L’abandon aux traders du marché de l’énergie, dont le contribuable paye chaque rouage : du tarif préférentiel subventionné pour l’intermittence, aux lignes de transport, ou de distribution et aux mécanismes d’effacement et de capacité, permet des marges considérables à chacun de ces nouveaux acteurs. 
Et explique que le consommateur voie sa facture enfler tandis que la surproduction aléatoire fait effondrer les cours, ruine EDF dont l'état des finances l'amène à céder ses principaux outils tels que son réseau RTE et que la libéralisation du secteur de l’énergie le contraint à céder les concessions de ses barrages.

L’échec de cette libéralisation du secteur de l’énergie en Angleterre s’était pourtant soldée, ironie de l’histoire, par sa prise de contrôle par EDF, détenu, rappelons le, par l’État français à 84.6% et la « perte de capacité de contrôle et en définitive de souveraineté pour le gouvernement, et a fortiori pour les citoyens britanniques », ainsi que par l’enrichissement de grands groupes privés.
L’exemple n’aura pas permis d’anticiper le désastre qui se profile.

Bien sûr, les intérêts d'un marché toujours plus mondialisé feront probablement en sorte que le système reste viable.

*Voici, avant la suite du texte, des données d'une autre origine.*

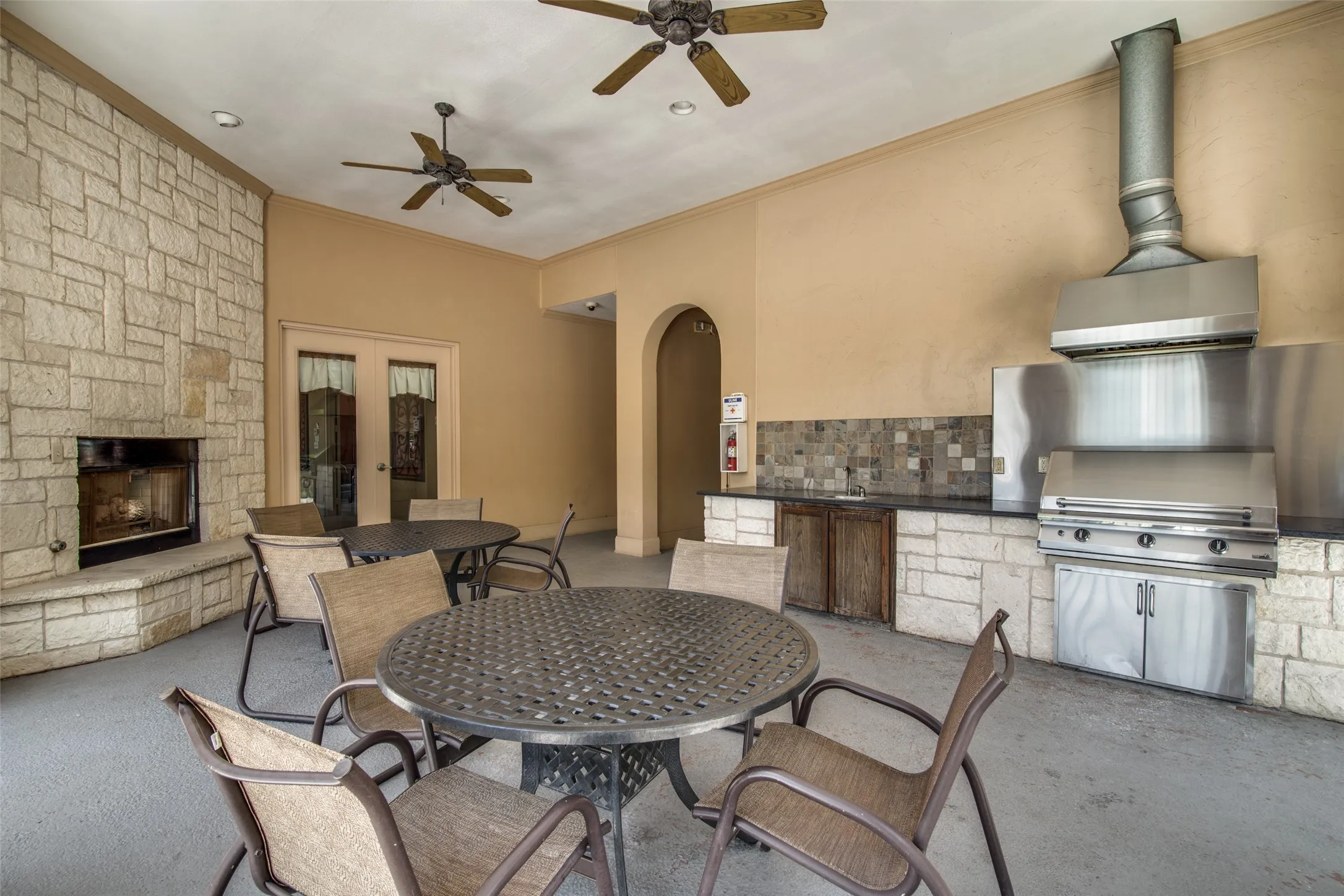 Townhouse For Sale in Collin County , 5778 Grosseto Drive, Frisco, Texas 75034, 2 Bedroom, 3 Bathroom, 2 Garage spaces, 1,881 Sqft, built in 2005, mls#21345483, Real Estate Agent in Frisco, Homes For Sale in Collin county, Homes For Sale in Frisco, Realtor in Frisco Texas, Real Estate Brokerage Independent Realty Texas, Luminita Cordes Realtor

Mais comme dans les autres domaines c’est eux qui désormais dicteront leurs lois.

Depuis le « scandale d’Etat » de la vente d’Alstom à General electric « C'est lui aussi qui aura le dernier mot sur la maintenance de nos centrales sur le sol français... Nous avons donc délibérément confié à un groupe américain l'avenir de l'ensemble de notre filière nucléaire ».

Or, qu’on le veuille ou non, toute doctrine de gestion de la sécurité a un coût.
Ce coût demande d'en avoir les moyens.
Le dilemme d’EDF, qui doit désormais choisir entre chuter encore pour avoir accepté la construction de l’EPR anglais d’Hinkley Point ou pour l’avoir refusée, vient d’être illustré par la  démission de son directeur financier.

Cette descente aux enfers n’augure pas d’avenir serein.
Ni pour notre sécurité d’approvisionnement.
Ni pour celle de nos réacteurs nucléaires.